Radisson Group are aware that smaller areas have demand for the ‘large-scale back office facilities’ of major hotel chains.
From smh.com.au, 3rd September 2022
Radisson group launches expansion plans as tourism bounces back
The Radisson Hotel Group is on the march across the country, with a significant expansion plan that will see it add at least another 50 properties to its portfolio through joint ventures and new management agreements.
RHG is the second-largest hotel chain globally behind the Marriott brands and has identified gateway cities and regional areas in Australia, India, Thailand and New Zealand as the prime growth sectors.
In Australia for the HICAP hotel conference, RHG chief development officer Ramzy Fenianos said the group wants to add 1,700 hotels and resorts to its Asia Pacific portfolio by 2025.
Radisson operates under brands including the Collections; Blu; Red; Park Plaza; Individuals, which is a franchise model; Park Inn and the Country Inn & Suites by Radisson.
The group will expand all these brands through joint ventures with property developers, and smaller operators that want to use the large-scale back office facilities of the Radisson business.
“Australia is a key pillar of this plan in terms of growth,” Fenianos said.
“We have four main growth areas, India, Thailand, Vietnam and Australasia. So from a strategic perspective, Australia is really one of the key focus, I would say, for us in terms of potential growth.”
He said the focus in Australia would be on Radisson Individuals, a brand conceived during the pandemic in response to the needs of owners with assets that they operate, but have a desire to be part of a global group.
During the past two years of the global pandemic, the hotel and tourism sectors were hit hard as border closures and lockdowns forced people to stay at home.
But operators are now optimistic that the worst is behind the sector and conditions are ripe to put expansion plans that were worked on during the lockdowns into action.

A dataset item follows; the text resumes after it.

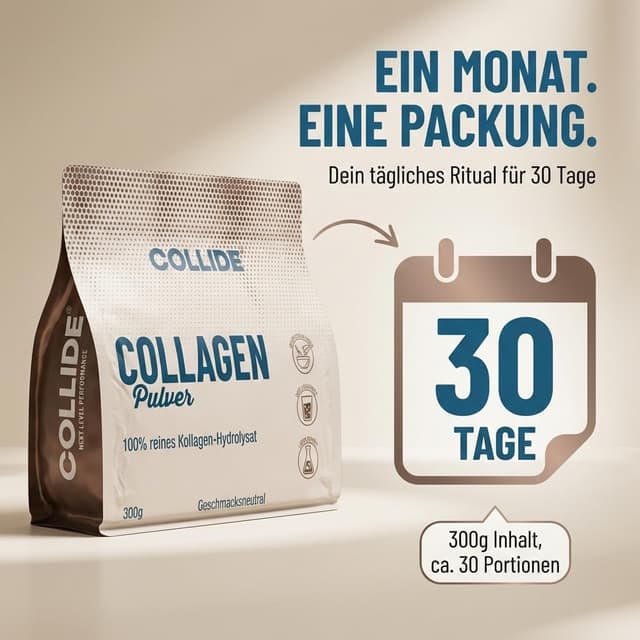 Thumbnail 6 de COLLIDE Collagen Pulver (geschmacksneutral) – 100% Kollagen-Hydrolysat, zuckerfrei, leicht löslich, 300 g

“Ultimately, we’re very optimistic as all the indicators are positive. The main key performance indicators for hospitality, being average daily rates, occupancy, and revenue per available room, are all going up,” he said.
“In Sydney, for example, we are now at 62 per cent occupancy, which is an increase of 85 per cent, compared to last year. These are not yet back to pre-pandemic levels but, overall occupancy rates are actually doing quite well.”
But it is not just building and opening hotels that occupy the days of hotel operators, it is also making the assets sustainable to cater for the environmentally conscious traveller.
Radisson has joined with brands, associations and destinations in the industry representing more than 50,000 hotels to launch Hotel Sustainability Basics, a common and inclusive definition of hotel sustainability to drive responsible travel and tourism.
Fenianos said it established a globally recognised set of minimum indicators that all hotels should implement and set a common definition of hotel sustainability to drive responsible travel and tourism.
Fenianos said Radisson aimed to be net carbon zero by 2050.
“Travellers now are much more sensitive to the environment, and the pandemic also made us realise that the earth is fragile. There was a study that showed that 50 per cent of the travellers are willing to pay more to be in a sustainable hotel,” he said.